- Work task
Exactly reproduce the lines of the listing below from the one containing "Men's 3 Piece Pink Plaid Suit For Party" through the one containing "Blum 9 kárpitozott". Skip the images.

###

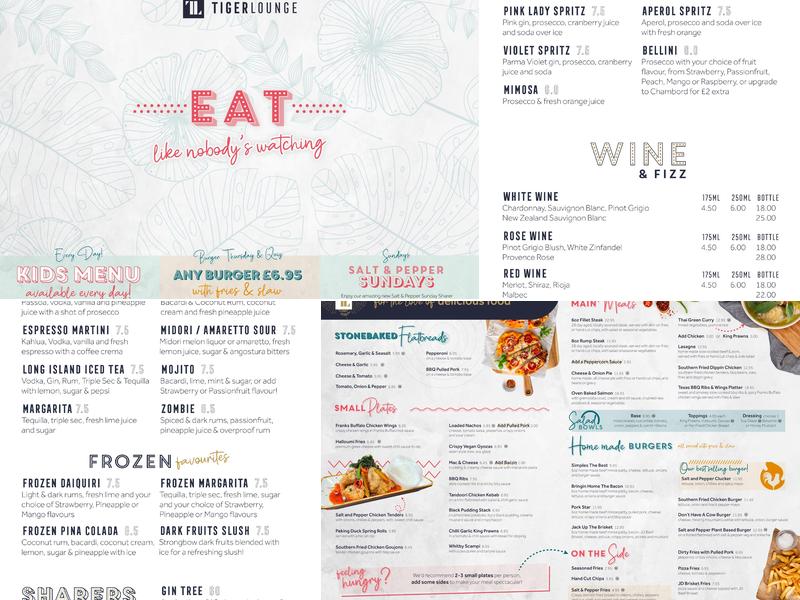 Tiger Lounge Accrington Menu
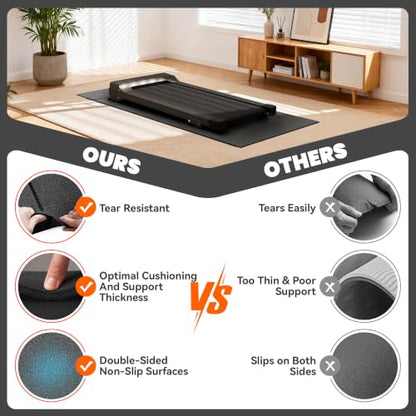 Stepwaver Walking Pad Mat, 68"x24", Treadmill Mat for Hardwood Floors | High Density, 1/4 Thickness, Foldable, Floor Protection for Bike, Elliptical, Treadmill, Walking Pad - size: 68"L x 24"W x 0.25"Th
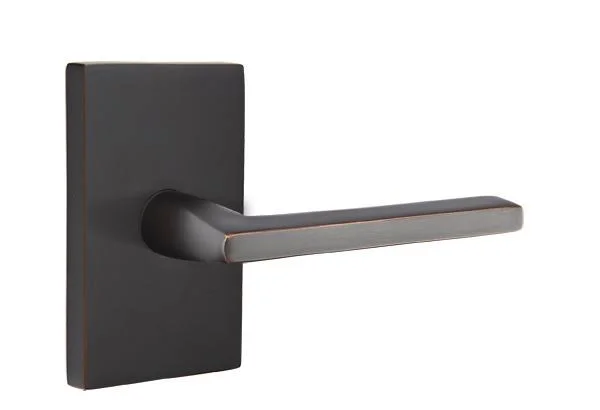 Emtek Helios Lever Modern Brass Privacy Set Modern Rectangular Rosette Oil Rubbed Bronze RH
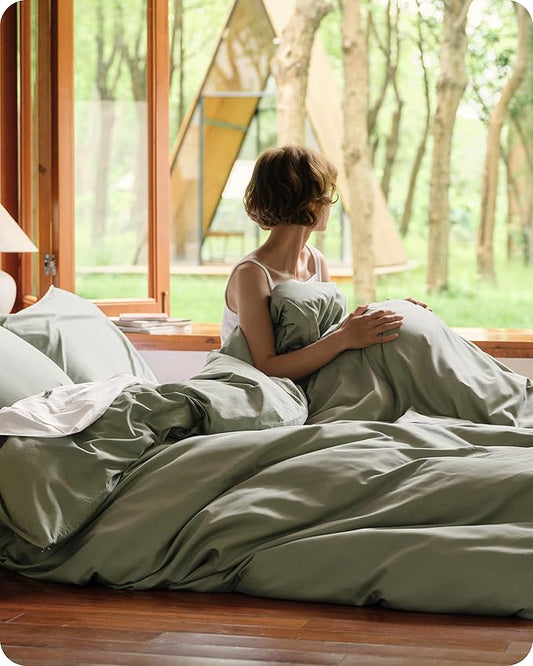 Bedsure Cotton Duvet Cover Queen Size, Cotton & Rayon Derived from Bamboo Blend Duvet Cover Set for Hot Sleepers,Ultra-Soft, Breathable & Lightweight Home Bedding for All Seasons (Sage Green,90"x90")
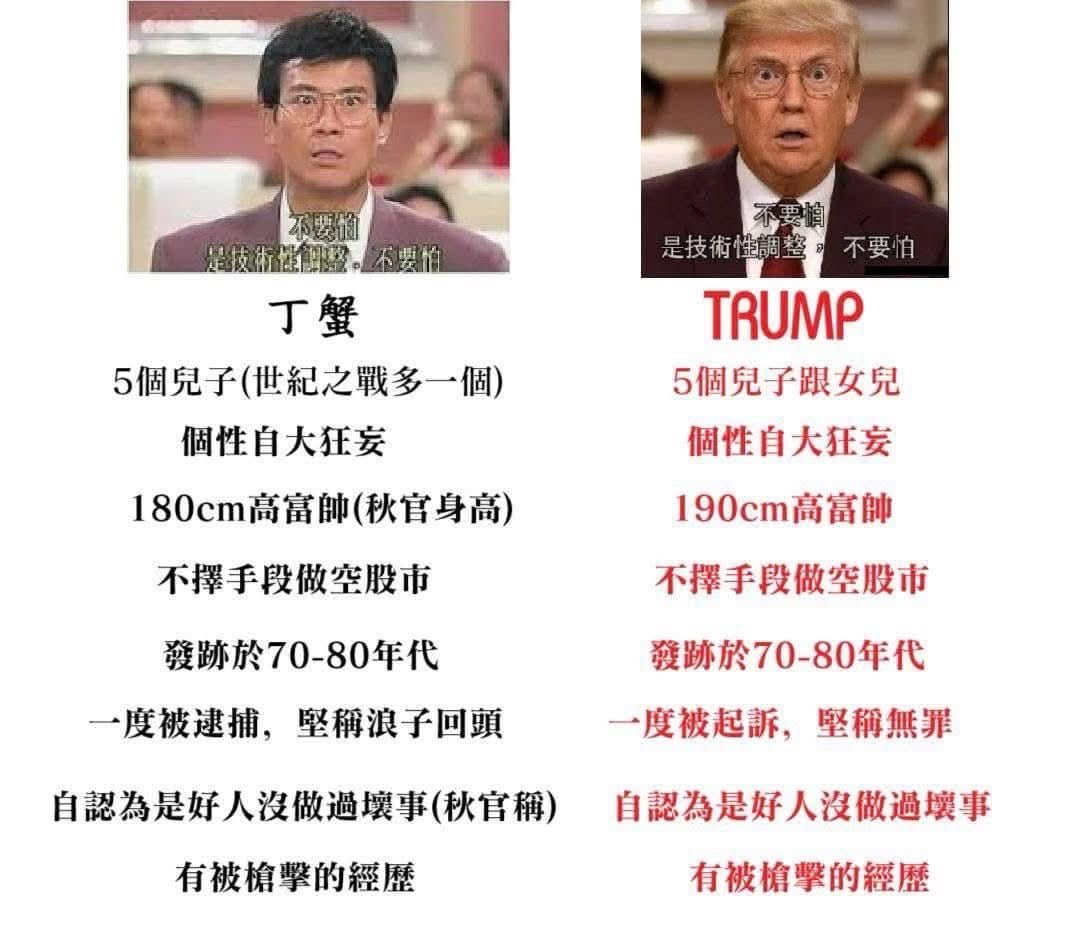 这两天疯传的对比，丁蟹 VS 川川 Trump!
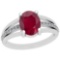 2.61 Ctw VS/SI1 Ruby And Diamond Platinum Vintage Style Ring
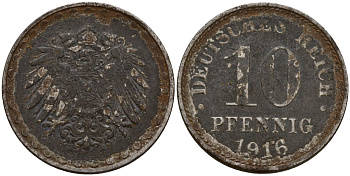 Германия 10 пфеннигов 1916 KM 20, J. 298 железо 4187-1026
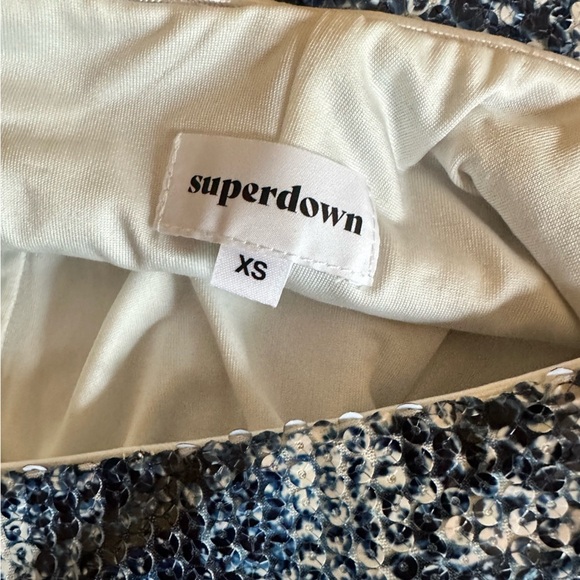 Superdown from Revolve blue snakeskin print sequined mini dress, size XS - Picture 5 of 6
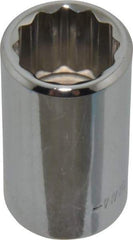 Blackhawk by Proto - 1/2" Drive, Standard Hand Socket - 12 Points, 1-1/2" OAL, Chrome Finish - Americas Industrial Supply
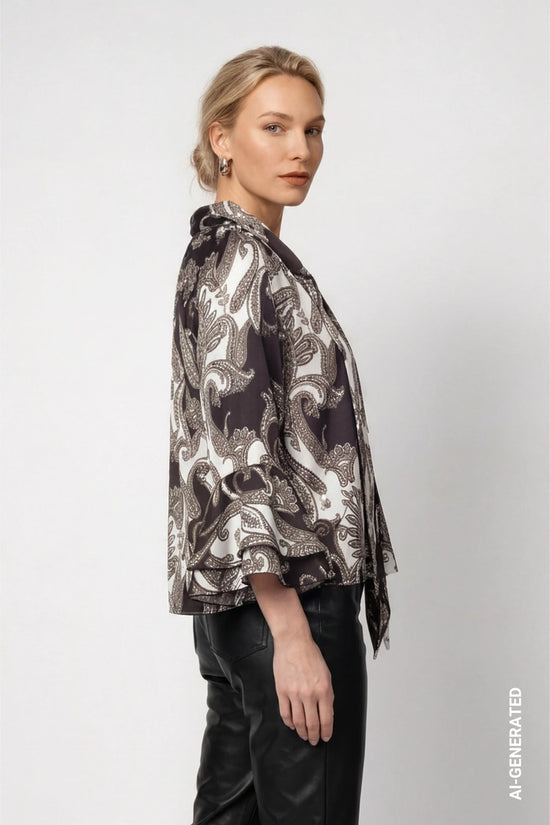 Monari Black Blouse with Paisley Pattern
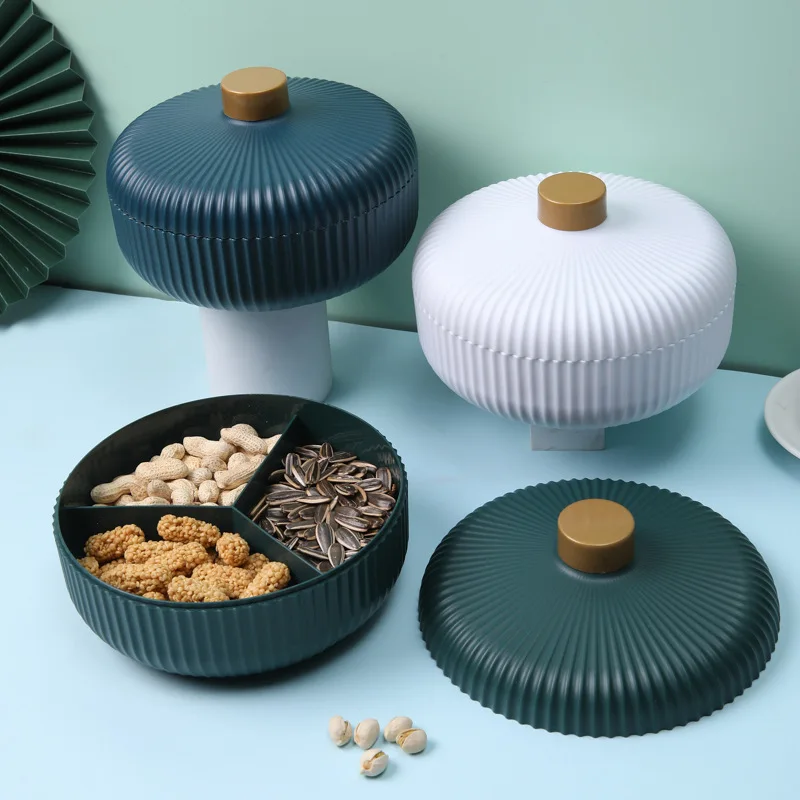 

Round Snack Storage Box with Lid, Dry Fruit Plate, Coffee Table, Candy Organizer, Jewelry Storage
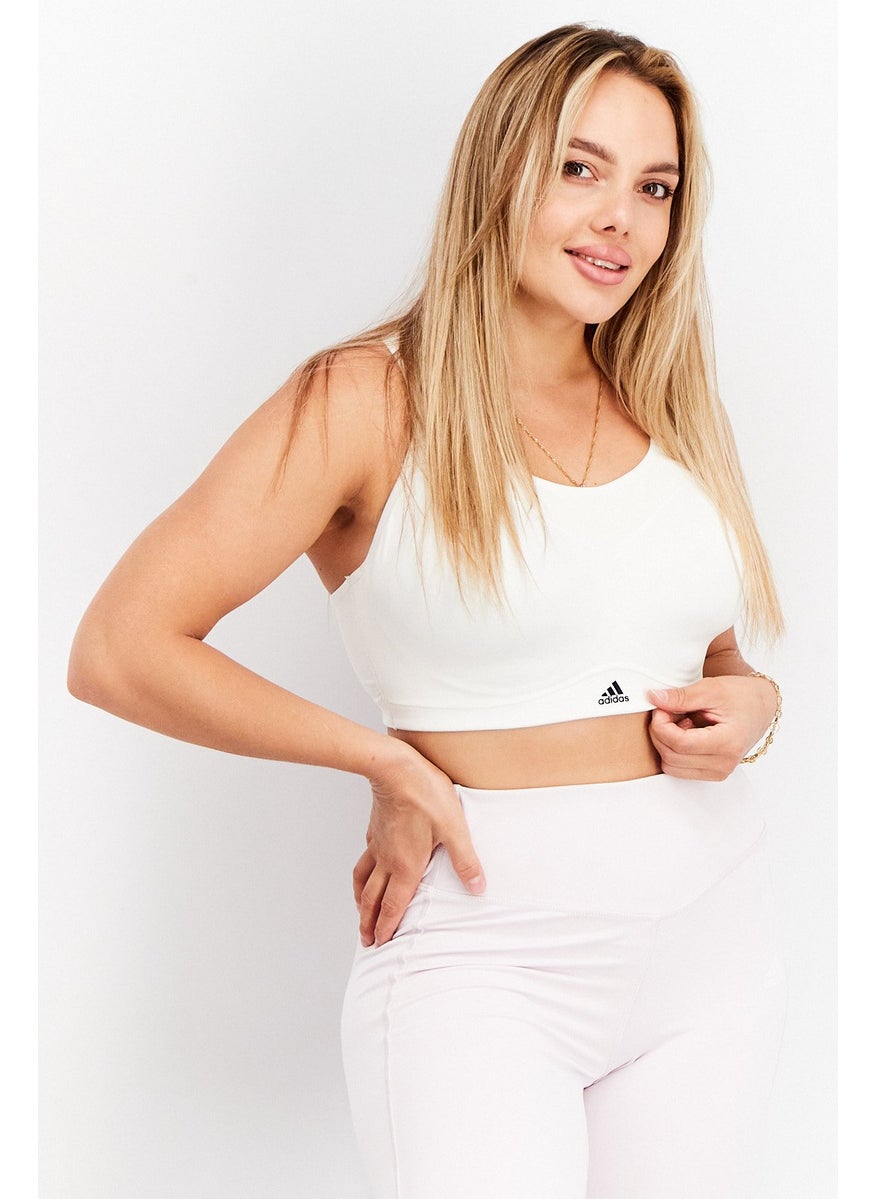Adidas Women Brand Logo Padded Sports Bra, White  - Image 1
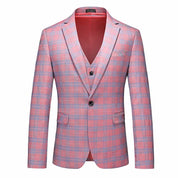Men's 3 Piece Pink Plaid Suit For Party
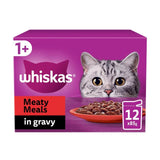 Whiskas 1+ Adult Wet Cat Food Pouches Meaty Meals in Gravy 12 x 85g GOODS M&S
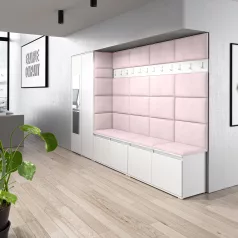  Blum 9 kárpitozott előszobafal tükörrel, fehér - rózsaszín 19 - egyedi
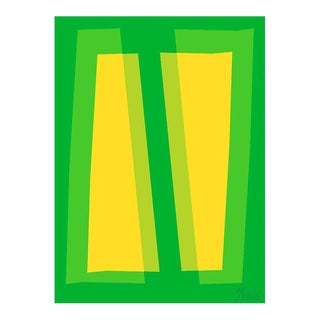 Yellow and Green Transparencies Fine Art Print 35" X 50" by Liz Roache For Sale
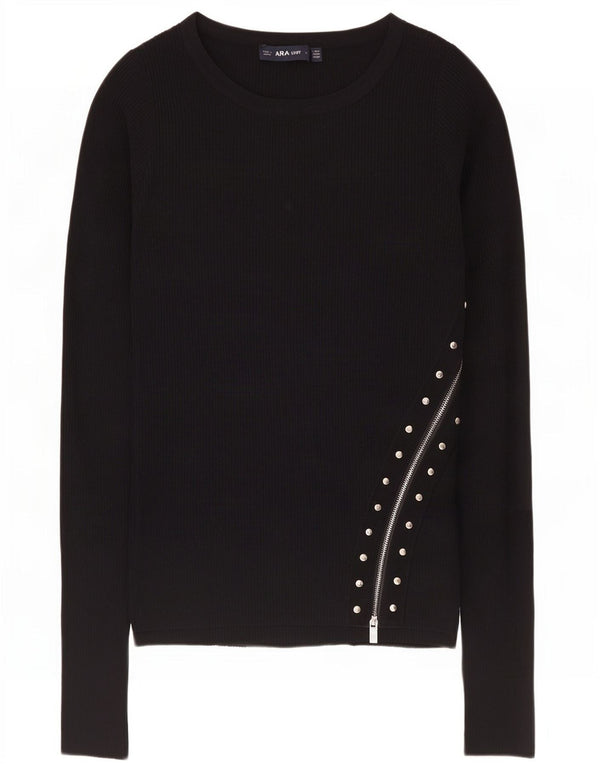Zara Damen Top Langarm UK 12 Medium Schwarz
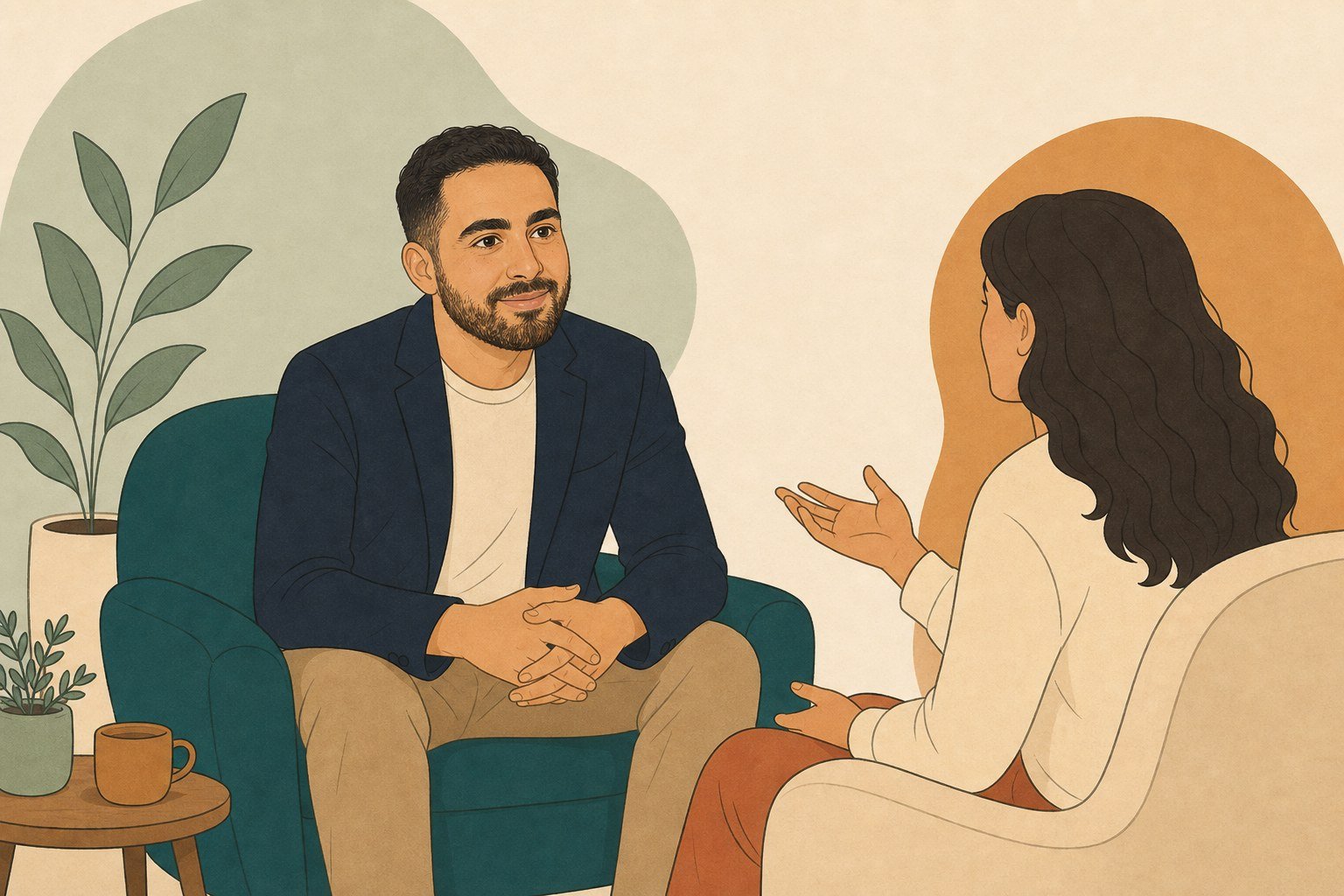 Andrew having a calm, collaborative conversation with a client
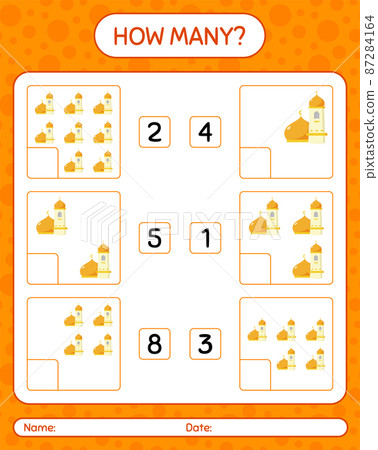 How many counting game with mosque. worksheet for preschool kids, kids activity sheet, printable worksheet 87284164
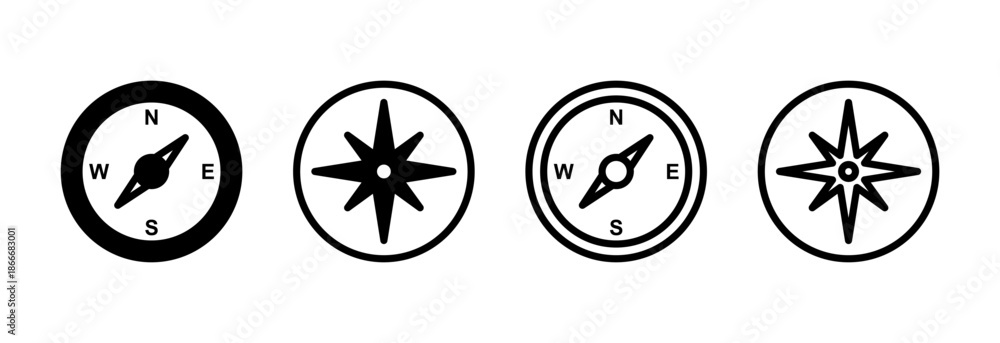 Fototapeta premium Compass icon vector illustration. arrow compass icon sign and symbol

###

- Expected answer
Men's 3 Piece Pink Plaid Suit For Party
 Whiskas 1+ Adult Wet Cat Food Pouches Meaty Meals in Gravy 12 x 85g GOODS M&S
  Blum 9 kárpitozott előszobafal tükörrel, fehér - rózsaszín 19 - egyedi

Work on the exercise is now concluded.